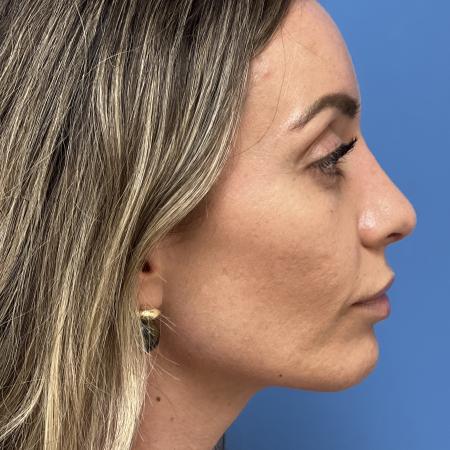 After image 3 Case #133461 - 38 year old  -  Open Rhinoplasty  -  4 months post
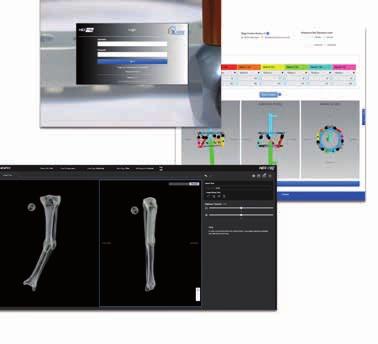 avvalersi di un supporto completo nelle fasi pre/intra e post-operatorie Il modulo integrato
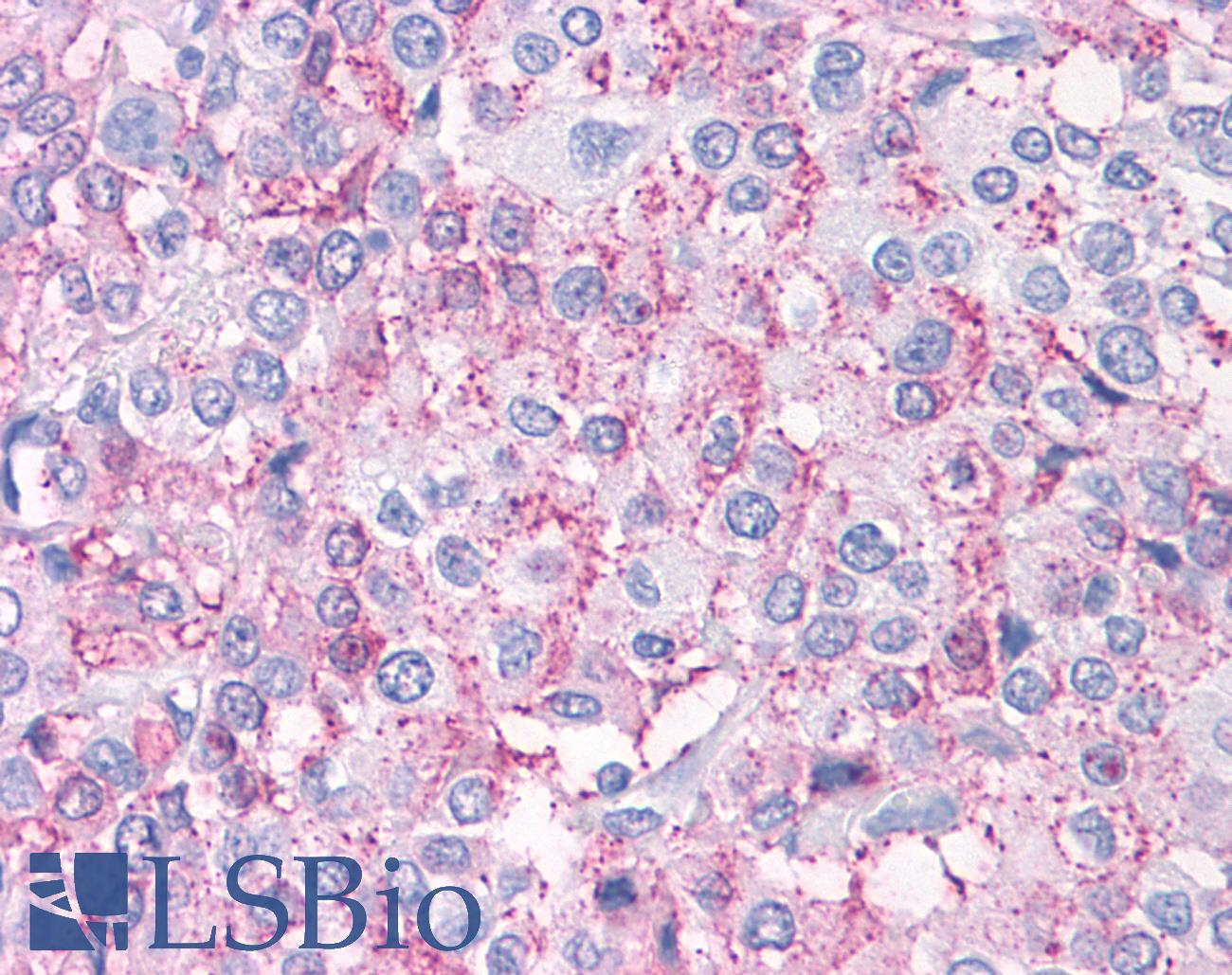 PKD3 / PRKD3 Antibody - Breast, Carcinoma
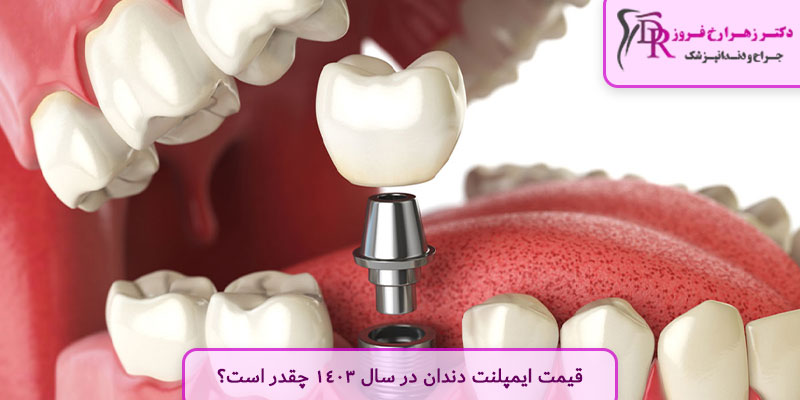 قیمت ایمپلنت دندان در سال 1403 چقدر است؟
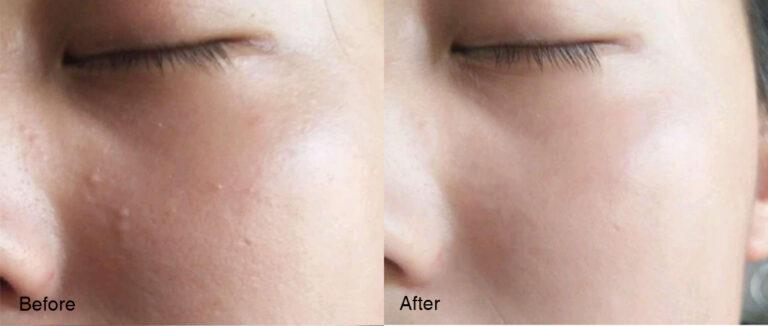 Skin Whitening 3 1 1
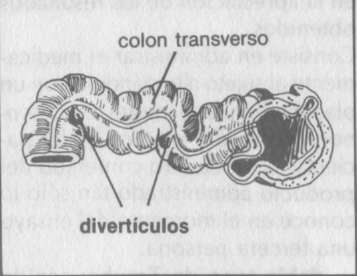 diverticulosis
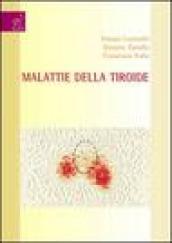 Malattie delle tiroide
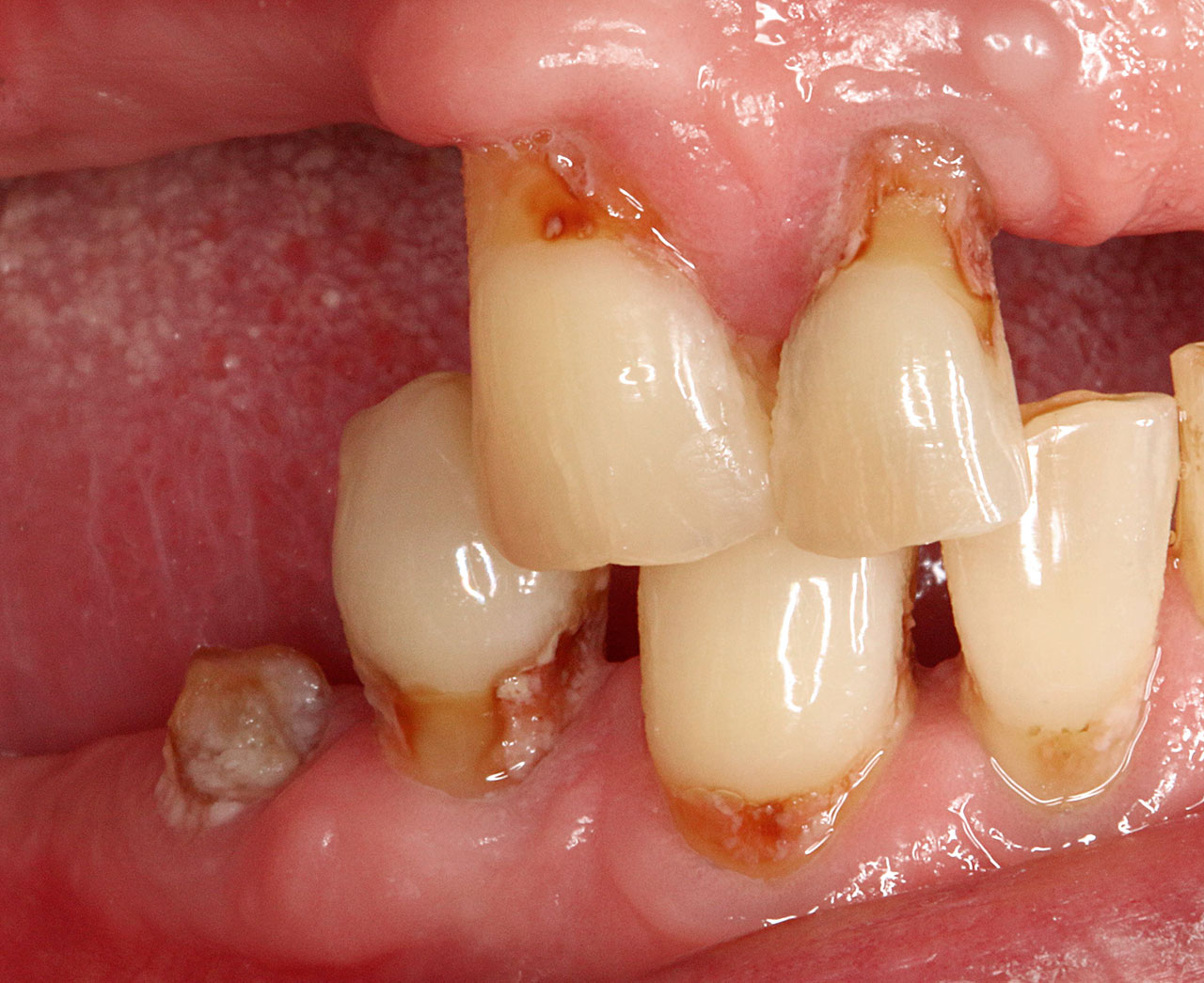 Abb. 5 Multiple Wurzelkaries bei einem Senior mit schlechter Mundhygiene.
**********
* _TASK STATEMENT_:
Output the material word for word. Pictures do not go in.

* _ANSWER TO THIS TASK_:
 After image 3 Case #133461 - 38 year old  -  Open Rhinoplasty  -  4 months post
 avvalersi di un supporto completo nelle fasi pre/intra e post-operatorie Il modulo integrato
 PKD3 / PRKD3 Antibody - Breast, Carcinoma
 قیمت ایمپلنت دندان در سال 1403 چقدر است؟
 Skin Whitening 3 1 1
 diverticulosis
 Malattie delle tiroide
 Abb. 5 Multiple Wurzelkaries bei einem Senior mit schlechter Mundhygiene.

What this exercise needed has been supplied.